**Prompt**. Repeat only the lines below from the one containing "555 E William Street Property Photo 6" through the one containing "Arbeitsministerin Nahles und", inclusive, exactly as written.

**Data for analysis**.
- Opening Delimiter -

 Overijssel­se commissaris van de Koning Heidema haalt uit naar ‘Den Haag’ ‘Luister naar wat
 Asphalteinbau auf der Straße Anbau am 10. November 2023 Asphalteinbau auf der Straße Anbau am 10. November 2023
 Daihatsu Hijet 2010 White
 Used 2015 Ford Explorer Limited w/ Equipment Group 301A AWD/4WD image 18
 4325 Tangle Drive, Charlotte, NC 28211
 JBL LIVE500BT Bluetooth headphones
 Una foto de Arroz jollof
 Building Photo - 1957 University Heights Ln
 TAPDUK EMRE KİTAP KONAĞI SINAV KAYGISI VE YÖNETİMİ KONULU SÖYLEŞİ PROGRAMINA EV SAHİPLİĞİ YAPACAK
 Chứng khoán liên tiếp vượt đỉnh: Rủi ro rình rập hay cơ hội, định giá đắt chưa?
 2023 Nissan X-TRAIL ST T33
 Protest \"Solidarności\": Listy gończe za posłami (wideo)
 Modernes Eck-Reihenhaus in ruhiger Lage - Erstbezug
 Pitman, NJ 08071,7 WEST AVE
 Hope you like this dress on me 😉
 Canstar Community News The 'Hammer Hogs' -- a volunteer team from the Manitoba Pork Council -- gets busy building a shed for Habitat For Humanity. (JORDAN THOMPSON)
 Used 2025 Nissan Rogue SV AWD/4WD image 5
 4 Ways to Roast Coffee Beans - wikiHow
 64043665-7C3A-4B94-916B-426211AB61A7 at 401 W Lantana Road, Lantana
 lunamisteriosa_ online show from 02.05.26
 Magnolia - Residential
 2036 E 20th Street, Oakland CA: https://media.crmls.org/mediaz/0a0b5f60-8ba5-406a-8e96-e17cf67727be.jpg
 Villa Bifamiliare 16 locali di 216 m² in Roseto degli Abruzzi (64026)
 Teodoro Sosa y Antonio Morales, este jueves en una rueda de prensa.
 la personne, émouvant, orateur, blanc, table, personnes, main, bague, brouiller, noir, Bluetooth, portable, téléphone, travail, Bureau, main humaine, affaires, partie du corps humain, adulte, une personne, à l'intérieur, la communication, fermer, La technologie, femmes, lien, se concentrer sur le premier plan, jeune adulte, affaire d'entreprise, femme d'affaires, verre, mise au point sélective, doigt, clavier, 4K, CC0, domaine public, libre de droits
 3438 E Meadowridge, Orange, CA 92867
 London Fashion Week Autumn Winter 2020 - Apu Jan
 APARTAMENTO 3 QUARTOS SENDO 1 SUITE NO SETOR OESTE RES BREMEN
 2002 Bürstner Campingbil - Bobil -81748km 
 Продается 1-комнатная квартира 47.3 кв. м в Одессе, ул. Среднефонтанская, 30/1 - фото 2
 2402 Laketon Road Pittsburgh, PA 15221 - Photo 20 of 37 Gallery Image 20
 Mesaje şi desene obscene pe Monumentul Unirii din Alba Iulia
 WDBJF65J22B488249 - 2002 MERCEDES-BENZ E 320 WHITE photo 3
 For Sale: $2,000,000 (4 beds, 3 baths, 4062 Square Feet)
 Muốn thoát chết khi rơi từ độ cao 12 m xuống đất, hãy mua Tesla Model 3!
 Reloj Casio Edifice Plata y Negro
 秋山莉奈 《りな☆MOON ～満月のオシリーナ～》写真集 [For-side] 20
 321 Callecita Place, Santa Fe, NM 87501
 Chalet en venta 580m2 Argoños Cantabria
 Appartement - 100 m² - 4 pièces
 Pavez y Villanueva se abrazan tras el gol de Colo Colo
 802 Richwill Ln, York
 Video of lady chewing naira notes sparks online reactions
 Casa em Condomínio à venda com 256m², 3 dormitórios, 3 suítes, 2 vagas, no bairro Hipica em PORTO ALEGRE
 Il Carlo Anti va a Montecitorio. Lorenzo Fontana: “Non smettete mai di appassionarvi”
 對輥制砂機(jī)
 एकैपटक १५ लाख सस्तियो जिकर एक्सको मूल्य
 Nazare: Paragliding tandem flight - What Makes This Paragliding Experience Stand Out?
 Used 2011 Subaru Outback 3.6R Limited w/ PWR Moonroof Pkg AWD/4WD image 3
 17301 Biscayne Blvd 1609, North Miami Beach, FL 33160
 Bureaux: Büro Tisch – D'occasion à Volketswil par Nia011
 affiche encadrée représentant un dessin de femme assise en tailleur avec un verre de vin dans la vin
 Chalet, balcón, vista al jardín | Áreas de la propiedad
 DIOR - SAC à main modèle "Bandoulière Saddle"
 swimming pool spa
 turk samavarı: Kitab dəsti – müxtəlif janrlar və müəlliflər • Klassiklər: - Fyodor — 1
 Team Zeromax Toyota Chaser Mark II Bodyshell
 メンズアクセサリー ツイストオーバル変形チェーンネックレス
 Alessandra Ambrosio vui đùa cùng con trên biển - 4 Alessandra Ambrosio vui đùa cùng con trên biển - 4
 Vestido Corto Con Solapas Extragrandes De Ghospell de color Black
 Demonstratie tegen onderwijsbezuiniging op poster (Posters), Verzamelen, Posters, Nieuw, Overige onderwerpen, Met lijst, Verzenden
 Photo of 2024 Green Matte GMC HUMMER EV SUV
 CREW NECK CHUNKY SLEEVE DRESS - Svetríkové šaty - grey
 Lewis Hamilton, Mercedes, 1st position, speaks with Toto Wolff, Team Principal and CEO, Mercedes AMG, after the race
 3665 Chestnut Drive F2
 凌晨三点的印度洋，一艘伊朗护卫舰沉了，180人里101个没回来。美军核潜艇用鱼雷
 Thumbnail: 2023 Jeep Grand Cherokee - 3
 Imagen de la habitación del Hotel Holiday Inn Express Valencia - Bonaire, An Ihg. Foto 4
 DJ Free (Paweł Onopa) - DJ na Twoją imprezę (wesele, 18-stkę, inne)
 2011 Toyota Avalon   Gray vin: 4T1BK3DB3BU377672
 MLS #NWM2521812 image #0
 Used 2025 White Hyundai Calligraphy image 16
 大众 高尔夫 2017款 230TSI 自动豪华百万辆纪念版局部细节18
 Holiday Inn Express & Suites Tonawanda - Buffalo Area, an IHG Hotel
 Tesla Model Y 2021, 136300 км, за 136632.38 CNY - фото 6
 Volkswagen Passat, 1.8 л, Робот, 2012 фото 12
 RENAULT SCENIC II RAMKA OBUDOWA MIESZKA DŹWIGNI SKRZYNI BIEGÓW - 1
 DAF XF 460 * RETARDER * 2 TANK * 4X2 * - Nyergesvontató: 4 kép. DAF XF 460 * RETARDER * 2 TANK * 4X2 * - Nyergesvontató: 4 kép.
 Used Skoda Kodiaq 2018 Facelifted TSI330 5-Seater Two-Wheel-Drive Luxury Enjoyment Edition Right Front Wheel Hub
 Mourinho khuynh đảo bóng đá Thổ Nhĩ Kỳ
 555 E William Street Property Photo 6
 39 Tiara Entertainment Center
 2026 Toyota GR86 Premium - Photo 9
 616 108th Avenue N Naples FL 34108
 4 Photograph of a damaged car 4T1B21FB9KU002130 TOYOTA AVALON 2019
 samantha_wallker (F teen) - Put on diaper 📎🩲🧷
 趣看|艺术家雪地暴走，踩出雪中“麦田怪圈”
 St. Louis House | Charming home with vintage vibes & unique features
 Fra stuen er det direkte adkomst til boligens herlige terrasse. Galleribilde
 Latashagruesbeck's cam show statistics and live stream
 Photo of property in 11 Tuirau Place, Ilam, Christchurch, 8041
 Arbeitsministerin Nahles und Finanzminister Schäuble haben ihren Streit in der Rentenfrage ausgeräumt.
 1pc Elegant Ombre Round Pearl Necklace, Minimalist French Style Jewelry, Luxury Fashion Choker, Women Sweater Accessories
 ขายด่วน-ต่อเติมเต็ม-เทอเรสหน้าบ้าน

- Closing Delimiter -

**Solution to this exercise**.
 555 E William Street Property Photo 6
 39 Tiara Entertainment Center
 2026 Toyota GR86 Premium - Photo 9
 616 108th Avenue N Naples FL 34108
 4 Photograph of a damaged car 4T1B21FB9KU002130 TOYOTA AVALON 2019
 samantha_wallker (F teen) - Put on diaper 📎🩲🧷
 趣看|艺术家雪地暴走，踩出雪中“麦田怪圈”
 St. Louis House | Charming home with vintage vibes & unique features
 Fra stuen er det direkte adkomst til boligens herlige terrasse. Galleribilde
 Latashagruesbeck's cam show statistics and live stream
 Photo of property in 11 Tuirau Place, Ilam, Christchurch, 8041
 Arbeitsministerin Nahles und Finanzminister Schäuble haben ihren Streit in der Rentenfrage ausgeräumt.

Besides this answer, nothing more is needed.